APBD didesain sebagai modal untuk mencapai
target yang dicanangkan dan berorientasi produktif dengan indikator
peningkatan pencapaian yang jelas. Semua kegiatan dan anggaran satuan kerja
perangkat daerah (SKPD) diarahkan untuk mencapai target daerah. Jika misalnya
menaikkan produksi pertanian menjadi target dan fokus utama suatu daerah,
anggaran SKPD Pekerjaan Umum di daerah tersebut diarahkan untuk membangun
sarana/ prasana yang mendukung pertanian. Aggaran pada SKPD Pertanian
diarahkan untuk mendapatkan bibit, penyuluhan pertanian, dan membangun sistem
pertanian yang andal. SKPD-SKPD yang lain diarahkan untuk mendukung
pencapaian target tersebut dan masing-masing memiliki KPI (key performance
indicator) yang terukur.
Terhadap seluruh karyawan di daerah harus
ditanamkan dan diubah pola pikir (mindset)
mereka, bahwa anggaran belanja daerah adalah modal yang harus dikelola dan
dikeluarkan untuk suatu kegiatan yang akan memberikan nilai tambah, atau
penguatan terhadap program yang ditentukan, bukan sekadar biaya yang perlu
dihabiskan. Seorang kepala daerah (CEO) harus mampu meyakinkan dengan
menggunakan dan mengelola APBD yang baik dan benar, dan akan tercapai target
yang dicanangkan berupa peningkatan PAD atau kesejahteraan rakyat seperti
keuntungan di perusahaan.
Dengan peningkatan PAD, kepala daerah dapat
memberikan insentif atau tunjangan kinerja yang nilainya cukup besar bahkan
dapat beberapa kali lebih tinggi daripada pendapatan gaji. Peningkatan
pendapatan dapat diperoleh dari berbagai sumber seperti pajak dan retribusi
sebagai konsekuensi dari hasil pencapaian target daerah, juga dari dividen
yang dihasilkan oleh BUMD (badan usaha milik daerah). BUMD dapat menjadi
kendaraan strategis untuk meningkatkan penghasilan daerah. Sebagai
konsekuensinya BUMD harus dikelola profesional, tidak dicampuri dengan
kegiatan politis dan balas budi.
Masalah pengadaan
Sudah bukan rahasia lagi nilai pengadaan yang
rata-rata berkisar 40%-45% dari APBN/APBD merupakan lahan atau pos dalam
APBN/APBD yang digunakan banyak pihak untuk mendapakan penghasilan tambahan
yang tidak halal.
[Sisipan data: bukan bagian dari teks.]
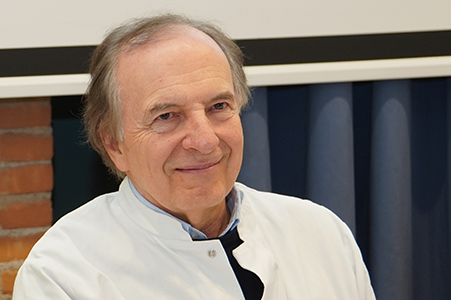 Primar Christian Schaller (Foto: Archiv Sabes)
Hampir 44% kasus di KPK merupakan kasus rekayasa pengadaan,
dan bisa dikatakan pengadaan menjadi kegiatan yang `ngeri-ngeri sedap'.
Pengadaan sudah tidak berorientasi sebagai modal atau bagian pencapaian
target daerah, tetapi menjadi pos untuk melewatkan komisi atau titipan yang akhirnya
membuat pusing panitia pengadaan dalam merekayasa volume, unit cost, dan dokumen pengadaan
lainnya.
Pengadaan saat ini dilakukan sangat
transaksional. Banyak paket pengadaan direkayasa menjadi paket-paket kecil
menghindarkan lelang, atau menjadi paket besar dan khusus sehingga tidak
banyak peserta yang bisa mengikuti. Umumnya pengadaan sudah dikemas dari
tahap perencanaan anggaran, perencanaan pengadaan, pelaksanaan, hingga
penentuan pemenang. Biasanya pemenang dan harga sudah didesain. Walau dokumen
terlihat rapi, pada akhirnya pengadaan tidak memenuhi tujuan pengadaan yang
5T (tepat kualitas, tepat kuantitas, tepat waktu, tepat sumber, dan tepat
harga). Pengadaan pun akhirnya menjadi kegiatan mengada-ada.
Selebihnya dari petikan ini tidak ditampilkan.